# is it possible to replace the 722k internal hard drive with a 1TB unt?



## Guest (Sep 14, 2009)

is it possible to replace the 722k *internal* hard drive with a 1TB unt?

or is there a company that does this for consumers?

thanks!


----------



## lparsons21 (Mar 4, 2006)

I'm nearly sure it might be possible, it would certainly void any warranty that you have on the unit, and most likely Dish would frown on it unless you actually own the 722k.

With 1TB external units being so cheap and readily available, and the content being available even if your current 722k goes bad, I can't think of why you would want to.


----------



## ChuckA (Feb 7, 2006)

Its not worth the trouble you would get into with Dish when you return the unit. Just use the EHD and you can use as many 1T drives as you want.


----------



## Jim5506 (Jun 7, 2004)

Dish has a specific table in the software for certain drives in its DVR's, I do not believe there are any 1TB drives in the table.

Even if you were successful, the partition size is often also set by software so the extra space might be a waste.


----------



## finniganps (Jan 23, 2004)

I agree with the prior poster - just buy EHD's - no limit and if something on the unit fails you still have the programs saved on the EHD (assuming you moved them there).


----------



## mattmcg (Dec 12, 2002)

A question for you all.
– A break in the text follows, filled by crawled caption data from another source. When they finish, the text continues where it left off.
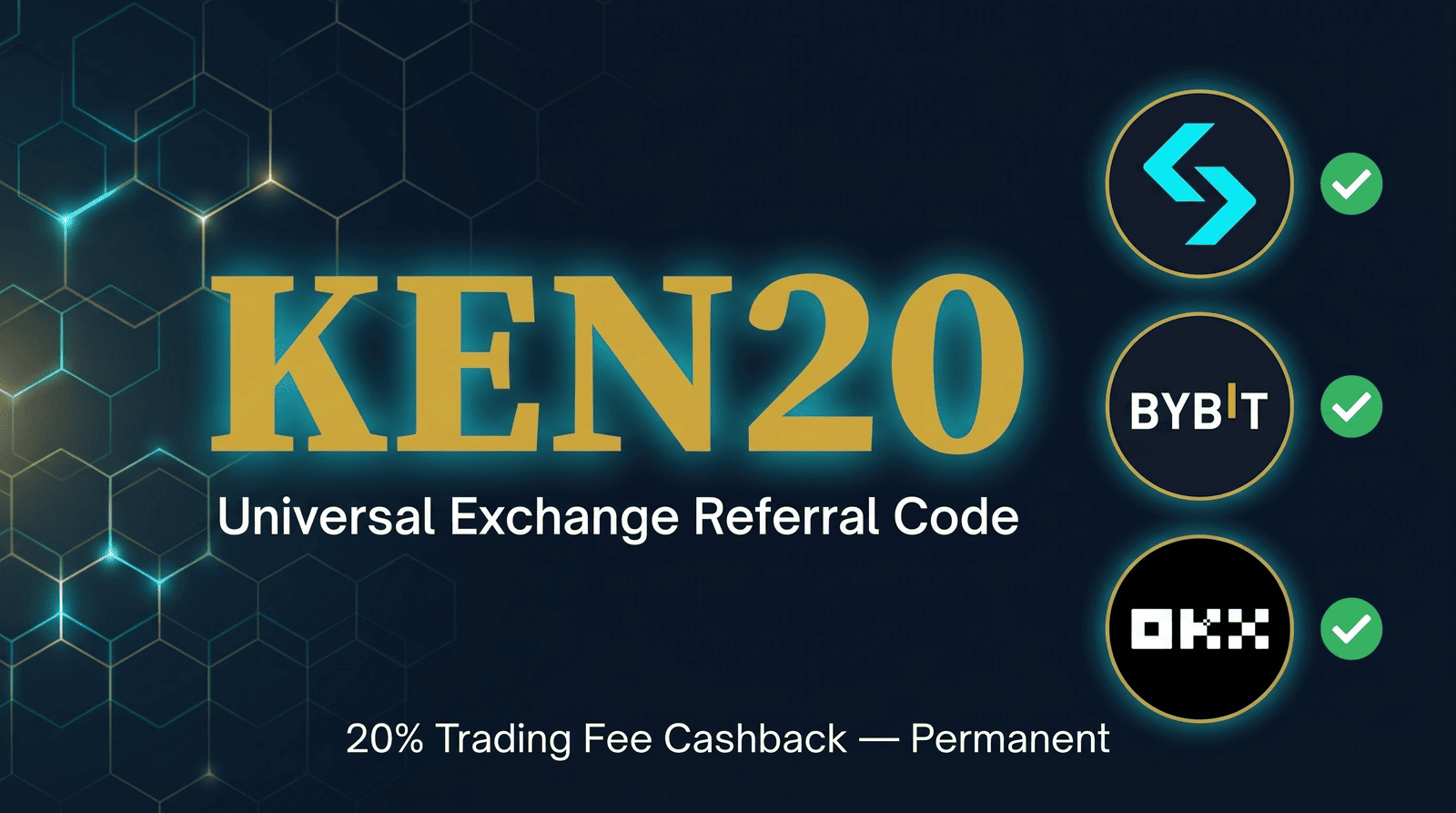 KEN20 referral code panel showing the affiliate program that grants 20 percent lifetime fee cashback on OKX, Bitget, and Bybit exchanges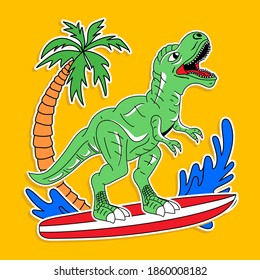 ILLUSTRATION OF A SURF DINOSAUR, VECTOR OF A DINOSAUR AT THE BEACH, SLOGAN PRINT
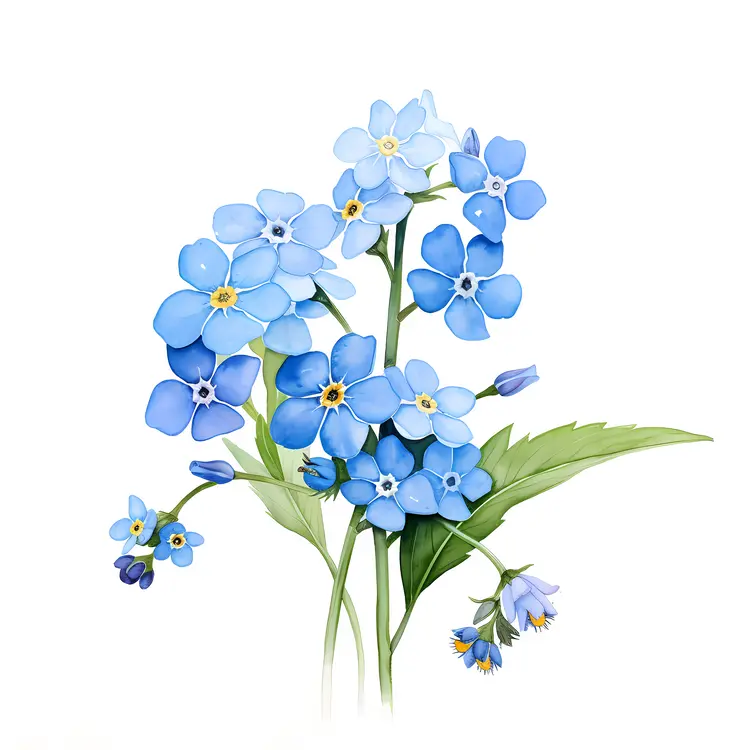 Beautiful Blue Forget-Me-Not with Green Leaves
Can you tag a movie to be recorded and sent directly to the external HD upon being recorded? 

Also, can you simply have the system treat the internal and external drive as one large storage facility to simply expand the total recording space?

As you probably guessed, I'm thinking about adding extra space to my 722. Thanks for the input in advance.


----------



## RickDee (May 23, 2006)

mattmcg said:


> A question for you all. Can you tag a movie to be recorded and sent directly to the external HD upon being recorded?
> No.
> 
> Also, can you simply have the system treat the internal and external drive as one large storage facility to simply expand the total recording space?
> ...


Answers above.


----------



## P Smith (Jul 25, 2002)

Jim5506 said:


> Dish has a specific table in the software for certain drives in its DVR's, *I do not believe *there are any 1TB drives in the table.
> 
> Even if you were successful, the partition size is often also set by software so the extra space might be a waste.


You're miss latest table - posted here. It's include three models of 1 GB disks: Hitachi, Seagate and WDC. Time to refresh your knowledge and switch a tune from 'believe' to 'know' .


----------



## Guest (Sep 15, 2009)

P Smith said:


> You're miss latest table - posted here. It's include three models of 1 GB disks: Hitachi, Seagate and WDC. Time to refresh your knowledge and switch a tune from 'believe' to 'know' .


which three models are 1TB? and does the list apply to the 722 HD DVR?


----------



## GrumpyBear (Feb 1, 2006)

quietmouse said:


> is it possible to replace the 722k *internal* hard drive with a 1TB unt?
> 
> or is there a company that does this for consumers?
> 
> thanks!


Possible, yes. Void your warrenty on your Leased equipment YES. 
Much easier to use EHD, and archive off Movies, Shows, or whatever. For safekeeping, and move them back when you want to watch them. You can add as many 1TB drives as you want, they will work on any of your Vip 612/622/722, on your account. External Drives don't get married to a single DVR. "IF" something were to happen to your DVR, and a replacement is sent, just restore the shows from the EHD back to the DVR.


----------



## P Smith (Jul 25, 2002)

quietmouse said:


> which three models are 1TB? and does the list apply to the 722 HD DVR?


Check the list and you'll see them. Yes, that list is unified for all VIP DVRs.


----------